Dem Wunsch nach einem repräsentativen Clubhaus für große Gesellschaften wurde größer und der Sport wurde offensichtlich immer mehr zur Nebensache. 1905, unter der Präsidentschaft von Bankier Carl Th. Deichmann, wurde diese Idee sehr konkret. Um dieses Bauvorhaben des Clubs zu realisieren und die Finanzierung zu unterstützen, gründeten 40 Herren mit großzügigen Einlagen die Cölner Clubhaus GmbH.

 

Die Gründer der Cölner Clubhaus GmbH waren:

 

  1. Herr Com. Rat Theodor von Guilleaume, Fabrikbesitzer zu Köln
  2. Herr Com. Rat Max von Guilleaume, Industrieller zu Köln
  3. Herr Paul Andreae, Rittergutsbesitzer zu Haus Mielenforst
  4. Herr Karl Theodor Deichmann, Bankier zu Köln
  5. Herr Dr. Albert Ahn, Verlagsbuchhändler zu Köln
  6. Herr Dr. Max Heimann, Rechtsanwalt zu Köln
  7. Herr Fritz Vorster, Fabrikbesitzer zu Köln-Marienburg
  8. Herr Com.
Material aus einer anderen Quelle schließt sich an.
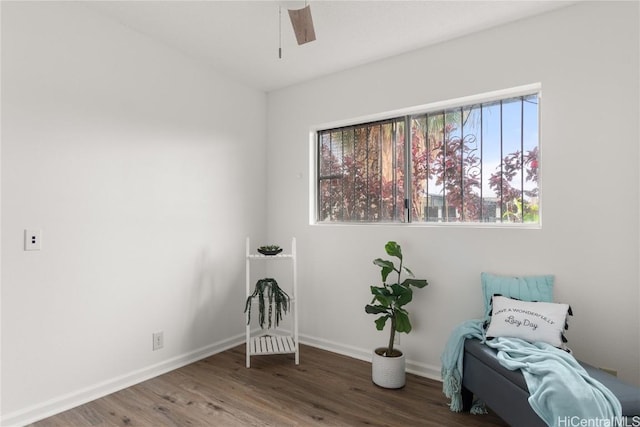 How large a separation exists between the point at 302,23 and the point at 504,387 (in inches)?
84.7

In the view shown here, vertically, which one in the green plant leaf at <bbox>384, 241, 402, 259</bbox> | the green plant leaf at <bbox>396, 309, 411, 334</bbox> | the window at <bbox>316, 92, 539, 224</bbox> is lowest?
the green plant leaf at <bbox>396, 309, 411, 334</bbox>

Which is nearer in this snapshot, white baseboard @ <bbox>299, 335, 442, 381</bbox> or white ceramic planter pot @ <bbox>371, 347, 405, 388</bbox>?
white ceramic planter pot @ <bbox>371, 347, 405, 388</bbox>

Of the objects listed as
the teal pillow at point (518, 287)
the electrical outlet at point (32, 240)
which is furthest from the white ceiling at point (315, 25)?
the teal pillow at point (518, 287)

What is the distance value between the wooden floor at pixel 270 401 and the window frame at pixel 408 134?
1.23 meters

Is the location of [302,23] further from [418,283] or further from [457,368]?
[457,368]

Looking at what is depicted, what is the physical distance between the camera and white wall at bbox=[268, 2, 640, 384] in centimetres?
212

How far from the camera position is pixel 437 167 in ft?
9.55

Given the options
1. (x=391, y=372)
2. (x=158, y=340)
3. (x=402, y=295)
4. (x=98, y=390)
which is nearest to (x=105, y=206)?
(x=158, y=340)

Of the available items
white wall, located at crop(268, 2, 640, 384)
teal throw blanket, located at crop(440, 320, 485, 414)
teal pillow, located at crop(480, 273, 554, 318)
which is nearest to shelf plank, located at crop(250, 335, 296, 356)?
white wall, located at crop(268, 2, 640, 384)

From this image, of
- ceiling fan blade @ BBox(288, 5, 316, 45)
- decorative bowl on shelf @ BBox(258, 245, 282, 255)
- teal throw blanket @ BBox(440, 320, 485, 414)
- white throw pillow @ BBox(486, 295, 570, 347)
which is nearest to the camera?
ceiling fan blade @ BBox(288, 5, 316, 45)

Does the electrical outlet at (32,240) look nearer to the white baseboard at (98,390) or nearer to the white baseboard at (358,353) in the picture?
the white baseboard at (98,390)

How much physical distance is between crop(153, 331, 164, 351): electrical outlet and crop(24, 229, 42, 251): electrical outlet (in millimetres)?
1060

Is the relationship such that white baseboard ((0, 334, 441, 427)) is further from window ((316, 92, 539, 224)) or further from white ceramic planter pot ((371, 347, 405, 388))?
window ((316, 92, 539, 224))

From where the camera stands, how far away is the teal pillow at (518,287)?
7.36ft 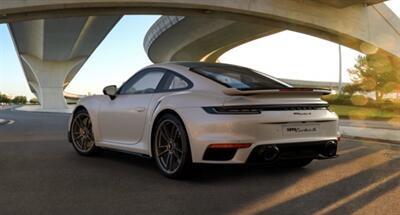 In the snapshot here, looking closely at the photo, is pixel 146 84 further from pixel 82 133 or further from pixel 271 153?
pixel 271 153

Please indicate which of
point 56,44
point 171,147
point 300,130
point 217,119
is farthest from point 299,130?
point 56,44

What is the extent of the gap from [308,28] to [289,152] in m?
22.0

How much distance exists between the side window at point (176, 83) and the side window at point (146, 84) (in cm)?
27

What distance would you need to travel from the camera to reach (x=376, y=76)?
39.2 metres

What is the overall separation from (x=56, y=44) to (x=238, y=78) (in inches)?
1488

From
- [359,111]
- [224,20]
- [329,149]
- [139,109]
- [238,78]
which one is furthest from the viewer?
[359,111]

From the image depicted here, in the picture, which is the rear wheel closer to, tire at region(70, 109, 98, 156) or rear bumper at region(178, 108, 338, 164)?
tire at region(70, 109, 98, 156)

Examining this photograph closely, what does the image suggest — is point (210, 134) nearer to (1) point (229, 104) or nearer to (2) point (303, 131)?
(1) point (229, 104)

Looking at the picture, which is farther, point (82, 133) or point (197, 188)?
point (82, 133)

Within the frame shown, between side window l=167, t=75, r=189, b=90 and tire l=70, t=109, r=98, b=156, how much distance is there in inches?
75.6

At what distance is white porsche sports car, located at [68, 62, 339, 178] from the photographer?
4.80 meters

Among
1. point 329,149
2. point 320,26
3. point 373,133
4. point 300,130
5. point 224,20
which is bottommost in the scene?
point 373,133

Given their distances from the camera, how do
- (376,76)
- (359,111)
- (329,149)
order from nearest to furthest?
(329,149) < (359,111) < (376,76)

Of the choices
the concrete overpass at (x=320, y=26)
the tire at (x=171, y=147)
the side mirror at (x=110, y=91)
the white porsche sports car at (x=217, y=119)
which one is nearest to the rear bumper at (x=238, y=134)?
the white porsche sports car at (x=217, y=119) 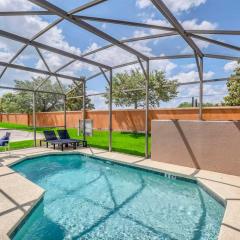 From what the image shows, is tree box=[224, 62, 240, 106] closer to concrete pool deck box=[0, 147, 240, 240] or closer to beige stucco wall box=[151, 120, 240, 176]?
beige stucco wall box=[151, 120, 240, 176]

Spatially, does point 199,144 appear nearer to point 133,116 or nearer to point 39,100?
point 133,116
Rat Otto Deichmann, Bankier zu Köln
  9. Herr Com. Rat Carl Leverkus sen., Fabrikbesitzer zu Köln
  10. Herr Dr. Viktor Schnitzler, Rechtsanwalt zu Köln
  11. Herr Karl Wahlen, Fabrikbesitzer zu Köln
  12. Herr Max Charlier, Kaufmann zu Köln
  13. Herr Paul Charlier, Fabrikbesitzer zu Mülheim a. Rhein
  14. Herr Paul Schnitzler, Landgerichtsrat a.D. zu Köln
  15. Herr Otto Andreae jun., Fabrikbesitzer zu Mülheim a. Rhein
  16. Herr Com. Rat Carl Scheibler, Fabrikbesitzer zu Köln
  17. Herr Hans Zanders, Fabrikbesitzer zu Bergisch Gladbach
  18. Herr Friedrich Grüneberg, Kaufmann zu Köln
  19. Herr Peter Georg Wahlen, Fabrikbesitzer zu Köln
  20. Herr Wilhelm Langen, Fabrikbesitzer zu Köln
  21. Herr Emil Lindgens, Fabrikbesitzer zu Mülheim a. Rhein
  22. Herr Adolf Lindgens, Fabrikbesitzer zu Mülheim a. Rhein
  23. Herr Carl von der Herberg, Fabrikdirektor zu Mülheim a. Rhein
  24. Herr Carl Julius Leverkus, Fabrikbesitzer zu Köln
  25. Herr Com. Rat Dr. Josef Neven DuMont, Kaufmann zu Köln
  26. Herr Hermann Scheibler, Rentner zu Köln
  27. Herr Paul van der Zypen, Kaufmann zu Köln
  28. Herr Robert Peill, Kaufmann zu Köln
  29. Herr Com. Rat Julius Vorster, Fabrikbesitzer zu Köln
  30. Herr Leo Schmelzer, Kaufmann zu Köln
  31. Herr Gottlieb Langen, Fabrikbesitzer zu Köln
  32. Herr Dr. Hans Langen, Fabrikbesitzer zu Köln
  33. Freiherr Simon Alfred von Oppenheim, Bankier zu Köln
  34. Herr Eugen Pfeifer, Gutbesitzer zu Annaberg
  35. Herr Arthur Leverkus, Kaufmann zu Köln

Das am 23. März 1905 nicht alle Gesellschafter anwesend waren, zeichnet Herr Dr. Max Heimann, Rechtsanwalt zu Köln, die Anteile der Herren:

  1. Herr Alfred Neven DuMont, Kaufmann zu Köln
  2. Herr Dr. Karl Joest, Gutsbesitzer zu Eichholz bei Sechtem
  3. Herr Fritz Langen, Fabrikant zu Köln
  4. Herr Eugen Rautenstrauch, Kaufmann zu Köln
  5. Herr Ernst Michels, Kaufmann zu Köln

 

Mit dem neuen Clubhaus wurde die Idee eines Clublebens in der Tradition englischer Herrenclubs verwirklicht. Der sportliche Mittelpunkt blieb vor allem der Rudersport, ergänzt durch Tontauben- schießen, Radtouren sowie dem Kegeln auf der hauseigenen Kegelbahn.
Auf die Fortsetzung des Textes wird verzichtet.